A COMMUNITY APPROACH TO DATA INTEGRATION: BUILDING MEANINGFUL LINKS ACROSS DIVERSE DATASETS
(1) Syntactic integration: Legacy datasets are migrated for representation in the data structures described by the Archaeological Markup Language (ArchaeoML). (2) Semantic integration: Thesaurus relationships are established between related terms and classes in each source database. Different archaeological databases may use diverse human languages and different terminological and typological systems. A human expert must match terms between such datasets. The nuances of meaning in a given context are often very subtle.
XSTAR technologies enable multiple thesaurus mappings between diverse project datasets to coexist. Thus, the same information architecture can allow multiple and evolving data integration schemes to develop and keep pace with changing research agendas. No one integration scheme should be considered definitive because it is the result of potentially contestable theoretical judgments and interpretations.

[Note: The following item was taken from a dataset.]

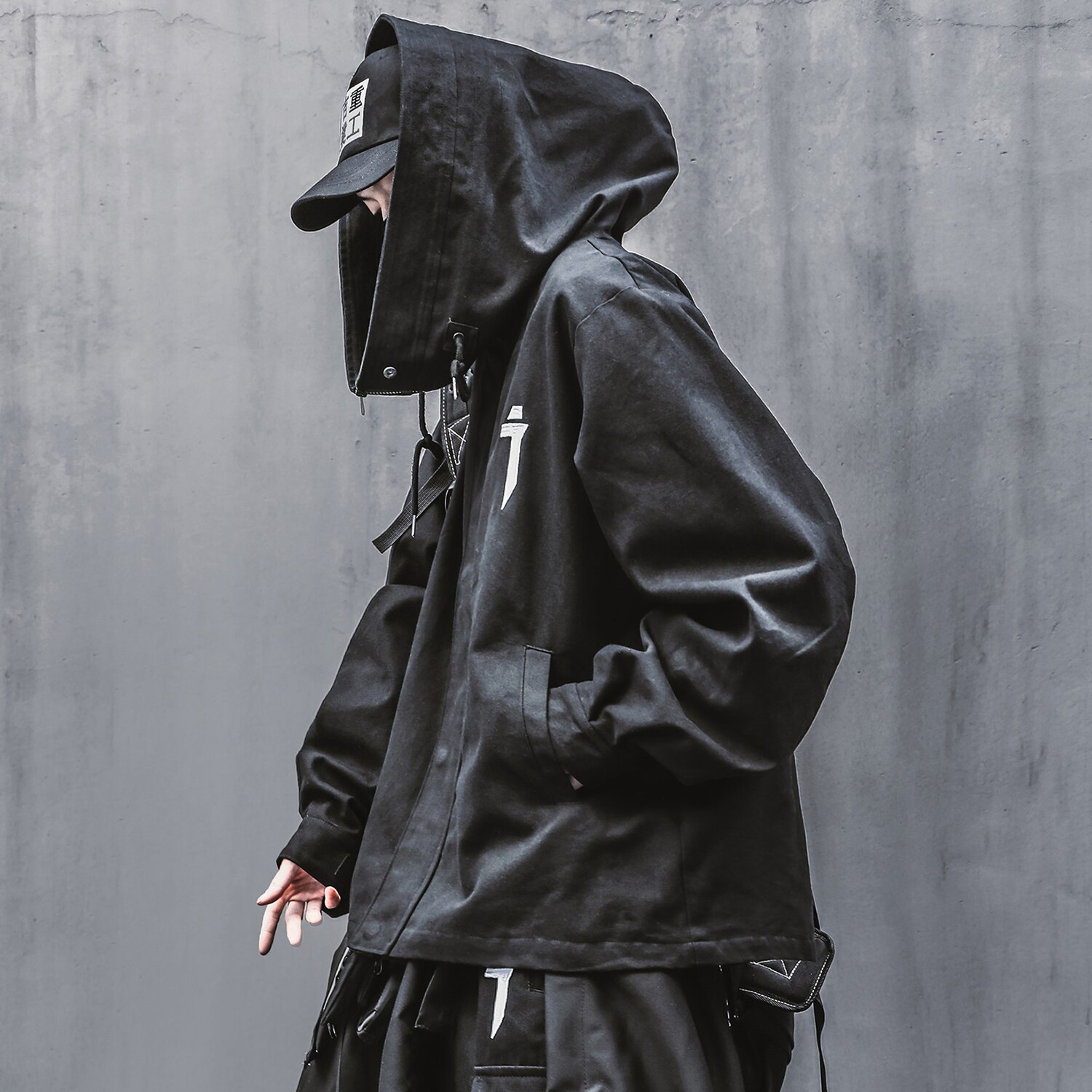 Streetwear techwear jakke med hette for menn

These tools will help to integrate diverse datasets now often viewed in relative isolation. The tools to link datasets will create a forum for discussion and debate within the field of archaeology. Experts will be encouraged to explicitly define how the results of diverse excavation projects and surveys relate to each other. In our view, this will make an important contribution to the discipline, since the reasoning implicit behind diachronic and regional syntheses will be made much more transparent and open for evaluation. Similar such methods can be applied to several disciplines, including the environmental sciences and geology. Bringing together diverse datasets will likely catalyze innovative new research of greater scope and analytic rigor.